また生徒にとって自己評価させることにより到達目標が明確になった。特に関心・意
欲・態度面での評価点は好成績に繋がった。これは指導方法の工夫もあり、生徒の主体
的、やる気に繋がった成果といえる。今後も生徒の自己評価の活用の仕方について、さ
らに工夫し自己学習力を育成していきたい。
(2)新規実習施設の開拓
・兵庫県災害医療センターにおいて、災害医療センターの役割や施設の見学を実際の災
害医療活動におけるDMAT看護師の役割、災害時のトリアージ、優先度の考えなど知
識の確認と事例による演習を行った。
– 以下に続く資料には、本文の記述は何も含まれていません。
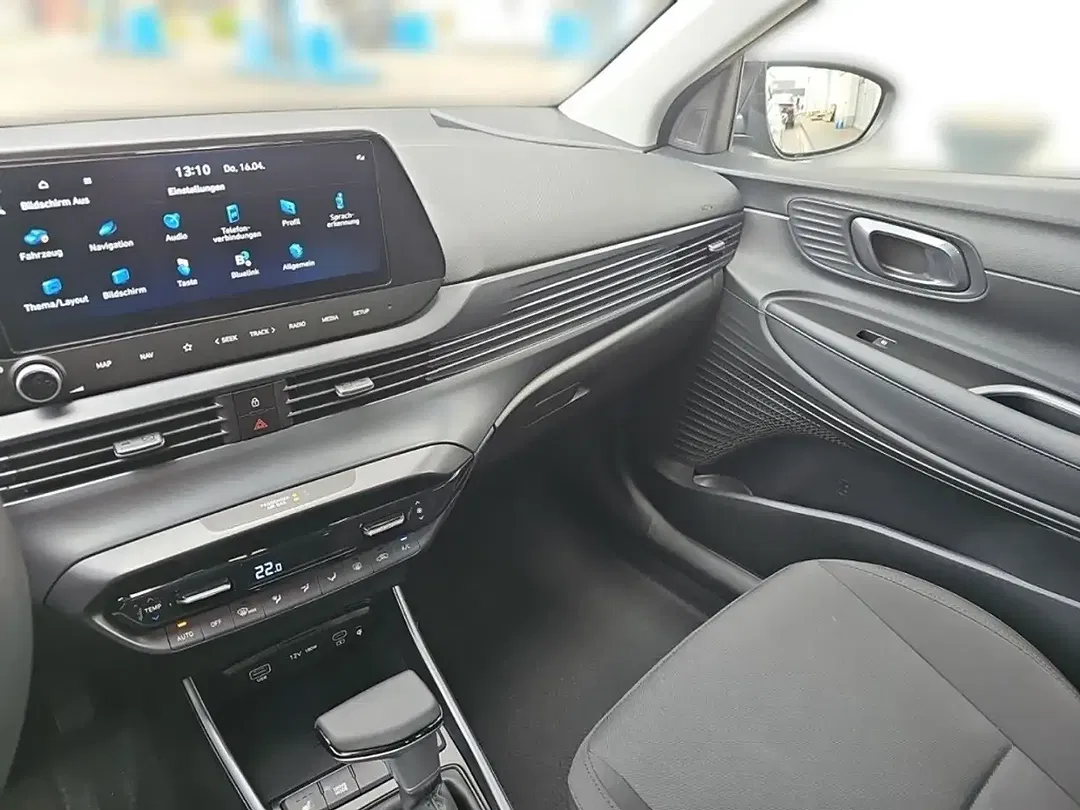 Hyundai i20 - Thumbnail 9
実践現場の看護師の発言は生徒の学習の深化に大
いに役立った。
・日本赤十字社兵庫県支部において、スタッフの指導を受け、近くの公園において、救
護の拠点つくりとして、資機材の取扱い・救護拠点の構築、トラウマメイクによる患者
設定を行い、本番さながらトリアージの実践、応急手当、搬送の実践を行うことができ
た。生徒は実践で使用する物品や実践方法の指導を受け、実務に即した形で実践する体
験を通して基礎的な看護実践力を身につけることができた。
(3)看護実践能力を高めるための取組
・今回、実習指導案を提示したことで、教員や指導者がその場その状況を生徒と共有し
ながら意図的に関わり支援していくことができた。実習終了後、生徒のアンケート結果
では、看護師の関わりで「名前を呼んでもらった」
「チームの一員として受け入れてもら
った」
「褒めてもらった」などの発言が生徒のやる気に繋がった。生徒の自主性・主体性
が高まり、自ら学び自ら考える力を持つ生徒を育てることに繋がった。
・臨床指導者は指導案が準備されており、安心できたと意見を頂いた。本実習は生徒と
指導者の関わりが十分に持て、臨床への橋渡し的な重要な実習となった。
(4)兵庫県看護学校教務主任協議会への参加
・平成 25 年度 8 月研修会テーマ「看護学教育に関わる実践能力の向上-看護・教育の
基盤をふまえた効果的な教育方法」
、9 月学習会:教材研究「教員の授業力向上」
、12 月
講演会テーマ「今、看護学生に看護をどう伝えるか」等の学習に参加できた。本校で参
加できなかった教員には伝達講習、資料など配付し、教員間の知識の共有を図り、教員
の質の向上に繋がった。
・定例会議に出席することで、看護の動向や看護教育の現状を把握し、他校の教員との
情報交換や対応策など共有することが本校の指導に大いに役立った。
・さらには他校の教員との人間関係を築いた上で実習施設の調整をすることで、実習施
設の情報交換や確保がスムーズにできる。
3.課題および今後の取組の方向
看護臨地実習はこの西播地域での実習施設の確保が重要となる。平成 26、27 年度と新
設の看護学校が誕生する現在、地域の実習病院との密な関係を保ちつつ、他校との関係も
良好に保っていかなければならない。兵庫県看護学校教務主任協議会に今後も参加してい
くことで、本校の看護臨地実習をスムーズにしていけると考える。
今年度文部科学省教育課程研究指定校として、看護実践力を養う指導方法や実習に関す
る評価の工夫改善についての研究を行ったことで、全教員が同じ目標を目指して研修・研
究活動ができた。今後も生徒の自主性・主体性が高まり、看護実践能力すなわち看護師と
して生きる力が向上するように研修を重ね、自己研鑽に努めたい。